I’d like to go back to Barrow, but I am getting work and sleeping done here, so what more can I ask for? I have my health. Well, I do now. There are little to no lingering effects of my illness of last week. I’m sure the bulk of the credit for my return to health should go to Hiroki, who kindly presented me with a water-resistant paper crane. I feel ever so much better. Well, my finger hurts a bit, but that has more to do with the fact that I cut it with the bumble bee scissors than with my general health.
Could I BE wearing any more clothes?
I’ve been wearing matching socks for a whole six weeks now. Normally I have more important things to do than make sure that both socks I grab from my jumbly sock drawer are the same color or pattern (though I do try to match height and weight, for reasons of sensory symmetry). In Alaska my dedication to Earnest Science has prevailed, and I wear matching footwear.

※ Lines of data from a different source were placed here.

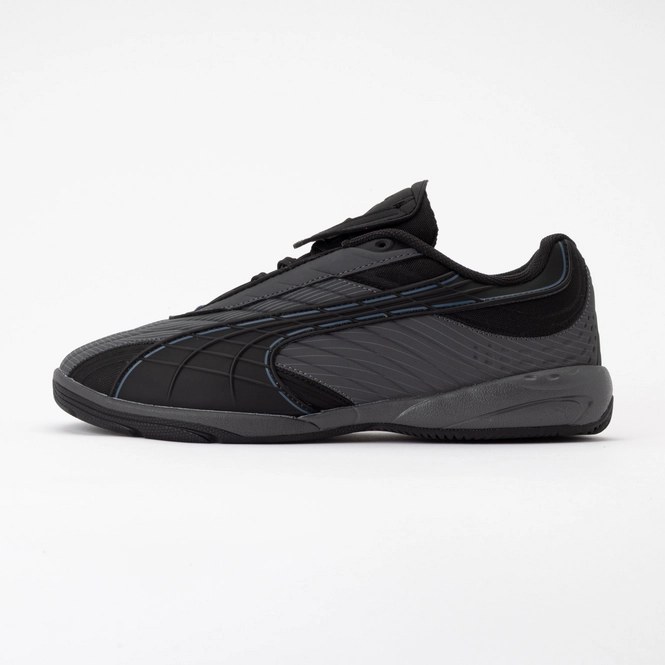 Trainers PUMA Men V-S2 Tactical Dusky Gray / PUMA Black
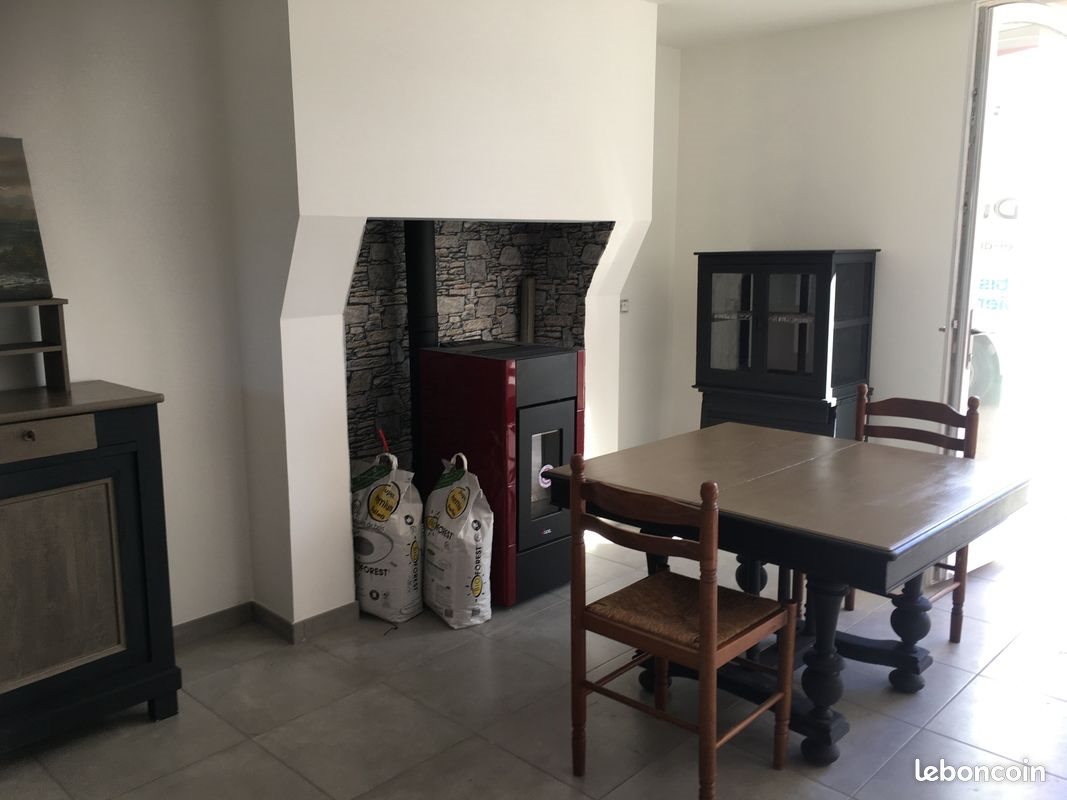 Appartement à louer, 46m², Villeneuve-de-Marsan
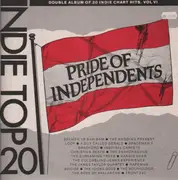 Double LP - Spacemen 3, Loop, Rapeman, Front 242, A Guy Called Gerald - Indie Top 20 Vol VI - Pride Of Independentsn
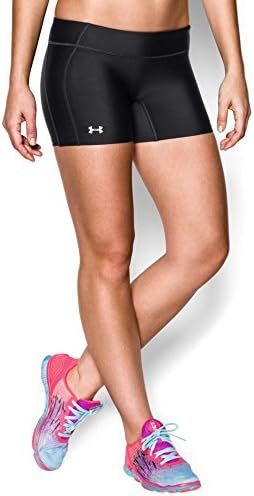 Under Armour Women's UA React 4" Volleyball Shorts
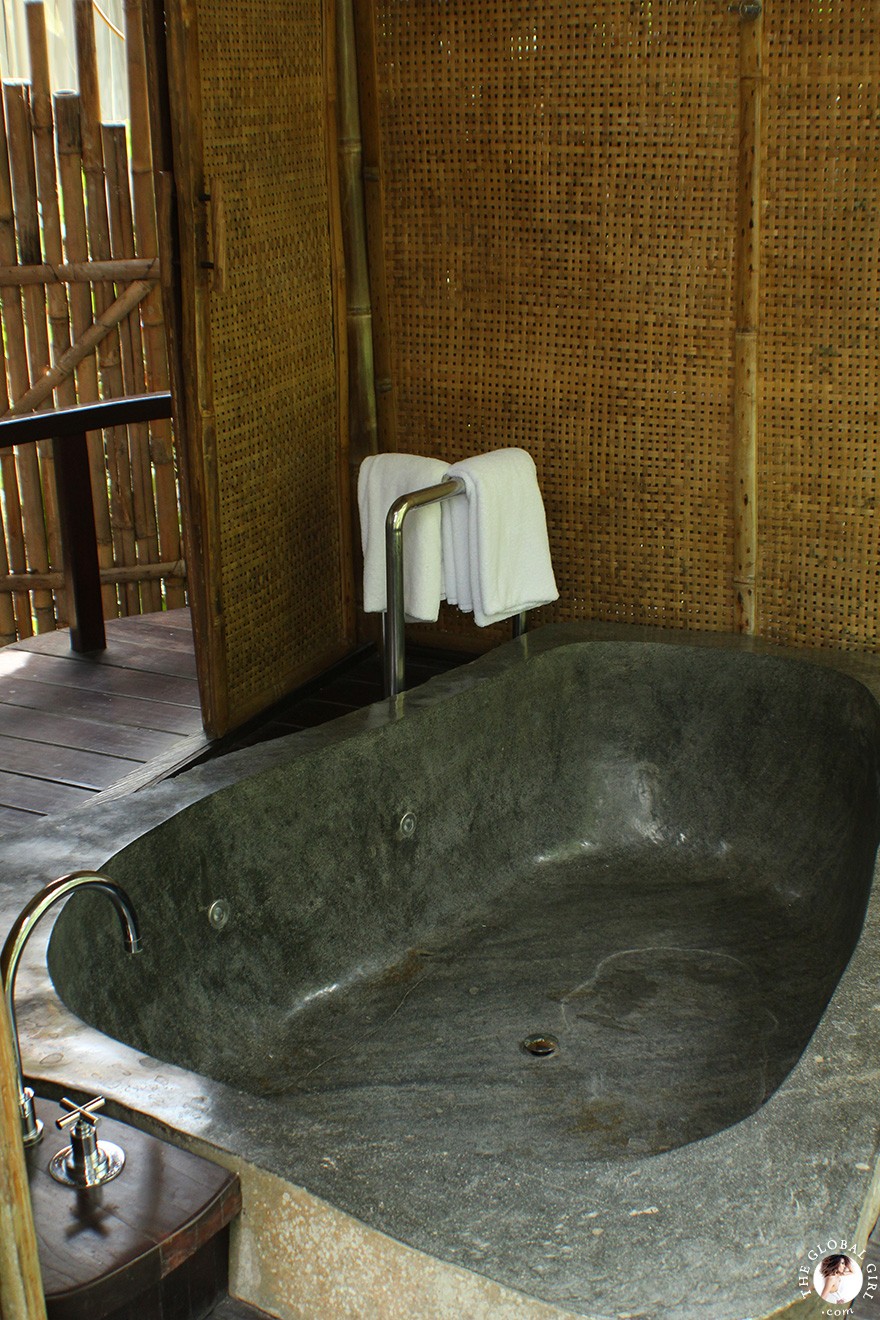 The Global Girl Travels: Holistic Healing at luxury eco-friendly wellness resort in Ubud, Bali.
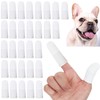 PenVinoo 30 PCS Dog Toothbrush Pet Toothbrush Finger Toothbrush cat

The rest of my wardrobe tends to be rather more brightly colorful than that of my companions, as I am outfitted with yellow, periwinkle, and green while the rest of the team wears black, navy, or deep red. The crayon-print pajama pants and star-print hat in particular have earned comments, but my colleagues promise that they are not embarrassed to be seen with me…
In any case, (for me) gearing up for the field is usually a matter of deciding what three or four layers to put on- in order of how big they are and with no particular regard to color combinations. Today was no exception, though it was not the chilly Barrow field I was anticipating, but the less-than-24-hours Aqasuk trip that Jeremy and I were attempting. We were trying to go light on luggage but I was fearful of freakishly cold wind, so I just wore my field gear onto the plane.
Fortunately, Atqasuk was warm and sunny, and the rain on the horizon went around us. So did the caribou, though he was dreadfully curious- we could tell. All our field work was done after we got out to the field at three and before we were back in at nine. It would take five field days of suffering for those chumps at the Barrow site to finish everything-HA.
Oh yeah, and I’m sick. The head-cold variety. It’s not too bad, on account of the fact that I am incredibly tough. Don’t tell the rest of the team that I’m feeling poorly or they will think I’m weak- when really, it was THEY who said, “Oh, Jenny, poor Jenny, don’t you want to stay in from the field today? You look ever so ill. A day off would do you good- and of course we would stay in with you… for safety.”
I won’t let them have the satisfaction!